The measure of damages to be awarded at Common Law, and the measure of compensation to be awarded in Equity, are, on the facts of this case, the same. The plaintiff is entitled to a judgment for $917,699, taking as the time of assessment of that amount the respective times at which moneys were misappropriated. That time for assessment having been selected, the plaintiff seeks, and should be awarded, interest under s 100 of the Civil Procedure Act 2005 NSW, as well as costs.
Of the several ways that the plaintiff's case against the second defendant is advanced, the most direct, it seems to me, is via a Common Law claim for moneys had and received.
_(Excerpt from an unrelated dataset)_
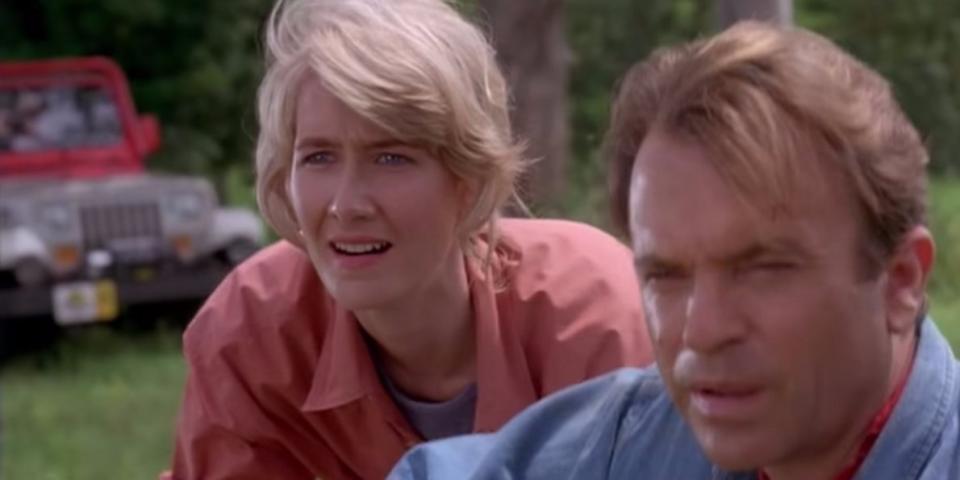 Laura Dern with Sam Neill in 1993's 'Jurassic Park' (credit: Universal)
The money paid out by the plaintiff was paid to a bank account of which the second defendant was the named account holder.
She received the plaintiff's money in circumstances in which no consideration passed from her, or anybody else, to the plaintiff. She received it in circumstances in which she must have known that it had been misappropriated by her husband, and she had no entitlement to retain it. In the face of the plaintiff's demand for repayment, she has no entitlement to retain it.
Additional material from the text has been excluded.